Its a curious thing to say, 50 years on, that what we appreciate in the here and now (the 30's) is more valued than what we've seen since the Studio's of the 70's mastered shlock. Theres some digging done on this issue that requires more time and interest than some mad jackle on a throw away blog of rambles and grumbles.

and further more, is it this too-little too-late mentality that requires that we go to the grave after ever artist dies and dig up some deep respect we have for them? As one friend posted on his Facebook "Who intentionally listened to Whitney Houston in the past 12 months?" if we're being honest with ourselves, it was probably less than 1% of the American populous.

So why the Grammy play-up? Is it just the human condition of wanting what we've lost? Is it a postmortem concession for an industry that abandons as quickly as it propels? Houston's is a genre that no longer carries water. While it may have been the Resurrection of Tin Pan Alley (or 2.0 as it were), it didn't survive the 80's. It had something of a revival in the late 1990's with a coffee house make-over. But by then the game had changed, and the nation had clearly changed. Houston was good, but in the newest incarnation she wouldn't be taken seriously.

Talent had gone, surplus to requirement. Good players were not needed to play boring chords on an acoustic guitar. Was what we're seeing sweep across the landscape a human lament for a genre that, having left its own for dead, had played by the rules so well, did everything right, and were still abandoned by a disinterested public?

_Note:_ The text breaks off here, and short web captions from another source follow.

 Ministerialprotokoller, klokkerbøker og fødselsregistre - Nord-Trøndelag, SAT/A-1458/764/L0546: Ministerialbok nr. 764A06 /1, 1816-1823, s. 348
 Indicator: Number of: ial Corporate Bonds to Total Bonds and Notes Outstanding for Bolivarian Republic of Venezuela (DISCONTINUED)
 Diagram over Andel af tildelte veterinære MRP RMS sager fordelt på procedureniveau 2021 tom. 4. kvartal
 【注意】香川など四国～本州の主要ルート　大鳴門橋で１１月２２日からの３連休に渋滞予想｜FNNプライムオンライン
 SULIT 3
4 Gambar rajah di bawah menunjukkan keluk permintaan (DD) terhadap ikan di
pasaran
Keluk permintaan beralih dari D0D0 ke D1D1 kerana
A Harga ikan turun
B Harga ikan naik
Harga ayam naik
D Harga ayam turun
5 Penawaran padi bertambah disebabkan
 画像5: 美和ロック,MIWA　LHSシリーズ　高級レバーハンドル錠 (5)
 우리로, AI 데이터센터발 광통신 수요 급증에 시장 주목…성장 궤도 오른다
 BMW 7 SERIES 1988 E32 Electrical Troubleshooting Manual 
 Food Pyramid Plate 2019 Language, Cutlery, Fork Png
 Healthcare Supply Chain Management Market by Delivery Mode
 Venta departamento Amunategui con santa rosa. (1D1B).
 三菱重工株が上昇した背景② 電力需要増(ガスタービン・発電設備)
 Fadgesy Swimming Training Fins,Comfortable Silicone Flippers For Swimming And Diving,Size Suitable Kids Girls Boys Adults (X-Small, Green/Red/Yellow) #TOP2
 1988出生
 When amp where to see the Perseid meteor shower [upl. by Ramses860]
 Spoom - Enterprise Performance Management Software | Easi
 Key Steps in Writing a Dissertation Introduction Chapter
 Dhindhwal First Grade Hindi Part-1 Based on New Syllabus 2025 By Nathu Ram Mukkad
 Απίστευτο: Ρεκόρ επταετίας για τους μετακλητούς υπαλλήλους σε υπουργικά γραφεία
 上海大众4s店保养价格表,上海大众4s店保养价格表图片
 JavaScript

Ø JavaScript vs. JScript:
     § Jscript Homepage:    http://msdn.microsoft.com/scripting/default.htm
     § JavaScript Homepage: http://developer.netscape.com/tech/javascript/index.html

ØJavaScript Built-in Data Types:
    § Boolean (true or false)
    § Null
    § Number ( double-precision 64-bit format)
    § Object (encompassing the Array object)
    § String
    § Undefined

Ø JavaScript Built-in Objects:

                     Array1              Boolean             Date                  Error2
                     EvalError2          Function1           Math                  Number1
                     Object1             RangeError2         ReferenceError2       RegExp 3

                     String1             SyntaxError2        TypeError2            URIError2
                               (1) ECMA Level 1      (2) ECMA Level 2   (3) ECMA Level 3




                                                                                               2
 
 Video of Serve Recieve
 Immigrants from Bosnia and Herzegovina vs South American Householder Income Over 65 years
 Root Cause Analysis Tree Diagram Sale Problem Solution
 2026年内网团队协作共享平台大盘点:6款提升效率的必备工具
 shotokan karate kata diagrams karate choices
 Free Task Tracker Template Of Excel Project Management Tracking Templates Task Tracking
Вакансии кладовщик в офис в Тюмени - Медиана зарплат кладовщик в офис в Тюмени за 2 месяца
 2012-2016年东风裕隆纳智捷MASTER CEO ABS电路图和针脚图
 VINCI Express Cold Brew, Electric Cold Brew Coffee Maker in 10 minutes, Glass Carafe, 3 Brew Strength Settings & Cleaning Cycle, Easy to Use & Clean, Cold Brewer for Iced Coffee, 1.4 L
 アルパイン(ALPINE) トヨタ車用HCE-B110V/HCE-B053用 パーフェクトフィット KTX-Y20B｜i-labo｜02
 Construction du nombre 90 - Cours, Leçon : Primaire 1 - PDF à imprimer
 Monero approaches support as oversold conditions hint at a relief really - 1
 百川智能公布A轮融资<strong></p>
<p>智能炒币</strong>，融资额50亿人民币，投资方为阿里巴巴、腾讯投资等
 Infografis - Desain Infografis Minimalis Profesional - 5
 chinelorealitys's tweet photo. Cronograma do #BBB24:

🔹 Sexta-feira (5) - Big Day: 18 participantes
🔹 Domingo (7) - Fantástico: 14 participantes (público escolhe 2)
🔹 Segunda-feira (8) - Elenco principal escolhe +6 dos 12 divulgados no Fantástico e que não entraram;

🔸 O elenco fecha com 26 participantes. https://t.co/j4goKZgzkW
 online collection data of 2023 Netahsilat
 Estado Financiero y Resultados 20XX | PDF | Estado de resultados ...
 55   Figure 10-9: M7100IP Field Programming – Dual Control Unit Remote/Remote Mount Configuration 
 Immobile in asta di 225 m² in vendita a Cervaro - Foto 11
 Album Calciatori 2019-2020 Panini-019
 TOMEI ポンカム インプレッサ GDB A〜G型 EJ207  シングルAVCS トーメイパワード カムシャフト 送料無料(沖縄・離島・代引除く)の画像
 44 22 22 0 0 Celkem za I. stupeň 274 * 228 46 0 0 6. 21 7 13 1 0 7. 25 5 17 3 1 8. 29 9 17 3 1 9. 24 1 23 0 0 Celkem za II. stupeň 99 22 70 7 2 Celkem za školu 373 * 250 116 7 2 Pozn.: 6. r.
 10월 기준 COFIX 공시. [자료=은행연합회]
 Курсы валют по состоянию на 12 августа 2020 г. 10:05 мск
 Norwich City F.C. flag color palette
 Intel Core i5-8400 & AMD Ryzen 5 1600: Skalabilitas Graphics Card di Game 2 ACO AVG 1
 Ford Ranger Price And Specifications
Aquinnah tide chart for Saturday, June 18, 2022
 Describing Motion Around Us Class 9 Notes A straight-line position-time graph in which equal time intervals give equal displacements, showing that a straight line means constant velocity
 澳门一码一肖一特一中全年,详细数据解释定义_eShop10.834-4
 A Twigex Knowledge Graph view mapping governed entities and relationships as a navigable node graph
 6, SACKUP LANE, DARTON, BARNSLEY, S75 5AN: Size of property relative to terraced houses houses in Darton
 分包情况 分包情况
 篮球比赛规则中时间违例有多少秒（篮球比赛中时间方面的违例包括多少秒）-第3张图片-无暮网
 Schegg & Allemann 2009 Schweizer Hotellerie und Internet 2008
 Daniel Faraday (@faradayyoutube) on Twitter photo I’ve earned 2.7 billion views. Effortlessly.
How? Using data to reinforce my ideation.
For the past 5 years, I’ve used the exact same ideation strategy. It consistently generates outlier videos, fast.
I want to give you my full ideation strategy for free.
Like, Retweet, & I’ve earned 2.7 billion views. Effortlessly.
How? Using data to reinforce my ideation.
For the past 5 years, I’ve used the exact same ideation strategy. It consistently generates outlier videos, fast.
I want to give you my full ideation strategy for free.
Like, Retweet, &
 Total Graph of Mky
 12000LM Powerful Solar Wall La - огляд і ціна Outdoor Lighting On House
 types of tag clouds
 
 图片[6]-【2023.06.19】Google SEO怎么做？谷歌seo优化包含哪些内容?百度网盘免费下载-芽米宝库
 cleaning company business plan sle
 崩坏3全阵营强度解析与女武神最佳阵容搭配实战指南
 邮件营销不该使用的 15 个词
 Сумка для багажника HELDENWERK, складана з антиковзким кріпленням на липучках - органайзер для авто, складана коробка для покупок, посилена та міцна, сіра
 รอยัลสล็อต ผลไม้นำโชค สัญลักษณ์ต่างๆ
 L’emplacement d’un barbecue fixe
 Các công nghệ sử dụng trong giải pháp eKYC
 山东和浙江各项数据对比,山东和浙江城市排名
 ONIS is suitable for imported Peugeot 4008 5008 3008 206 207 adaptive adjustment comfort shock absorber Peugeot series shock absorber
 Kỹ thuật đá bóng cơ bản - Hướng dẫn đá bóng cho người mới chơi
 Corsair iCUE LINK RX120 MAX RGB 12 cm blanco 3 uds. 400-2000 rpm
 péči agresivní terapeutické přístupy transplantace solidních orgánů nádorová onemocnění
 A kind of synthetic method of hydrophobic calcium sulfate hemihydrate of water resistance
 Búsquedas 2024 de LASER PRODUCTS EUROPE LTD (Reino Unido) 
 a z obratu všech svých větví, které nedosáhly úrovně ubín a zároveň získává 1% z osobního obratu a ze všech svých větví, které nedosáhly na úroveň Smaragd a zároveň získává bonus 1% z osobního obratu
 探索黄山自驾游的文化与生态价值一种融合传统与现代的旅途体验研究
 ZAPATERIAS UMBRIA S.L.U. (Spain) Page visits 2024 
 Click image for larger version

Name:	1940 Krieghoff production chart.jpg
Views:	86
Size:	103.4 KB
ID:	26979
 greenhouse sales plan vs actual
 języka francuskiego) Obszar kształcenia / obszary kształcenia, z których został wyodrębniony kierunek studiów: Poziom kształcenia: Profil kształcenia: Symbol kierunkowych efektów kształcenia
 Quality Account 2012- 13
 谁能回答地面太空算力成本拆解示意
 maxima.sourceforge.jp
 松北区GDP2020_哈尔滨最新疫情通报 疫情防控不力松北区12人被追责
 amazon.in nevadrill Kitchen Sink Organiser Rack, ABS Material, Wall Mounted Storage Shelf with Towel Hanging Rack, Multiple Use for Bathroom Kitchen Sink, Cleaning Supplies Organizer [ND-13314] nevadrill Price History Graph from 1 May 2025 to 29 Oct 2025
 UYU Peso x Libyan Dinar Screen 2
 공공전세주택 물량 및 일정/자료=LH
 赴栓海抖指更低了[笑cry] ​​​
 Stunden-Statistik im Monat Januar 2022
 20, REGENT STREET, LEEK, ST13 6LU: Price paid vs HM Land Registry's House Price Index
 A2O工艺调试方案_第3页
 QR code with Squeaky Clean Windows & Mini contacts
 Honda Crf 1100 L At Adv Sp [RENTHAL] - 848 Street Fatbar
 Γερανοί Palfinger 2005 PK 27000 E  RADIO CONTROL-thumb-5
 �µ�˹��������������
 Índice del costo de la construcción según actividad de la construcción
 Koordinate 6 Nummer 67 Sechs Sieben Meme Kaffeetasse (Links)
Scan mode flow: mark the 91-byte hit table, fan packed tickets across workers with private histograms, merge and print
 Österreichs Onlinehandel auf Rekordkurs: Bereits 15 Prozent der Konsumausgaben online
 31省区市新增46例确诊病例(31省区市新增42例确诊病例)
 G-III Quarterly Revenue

The question that should remain is not about Whitney Houston but about music in general. Is there a purpose in sticking within the western scales and digestible time signatures? Has music moved well beyond craft in an age where I can get 12,000 views singing off-key versions of Foreigner songs into my webcam.

If Whitney is to be mourned, then let her be the figure-head of craft. Let her not represent a genre lost to time and filled to the gills by throw-away, over produced garbage. Instead let her be a symbol for everyone who worked their figures to the bone to be a session musician. Is there no room for them any longer?

Is there No Country for Old Men who play the saxophone any more?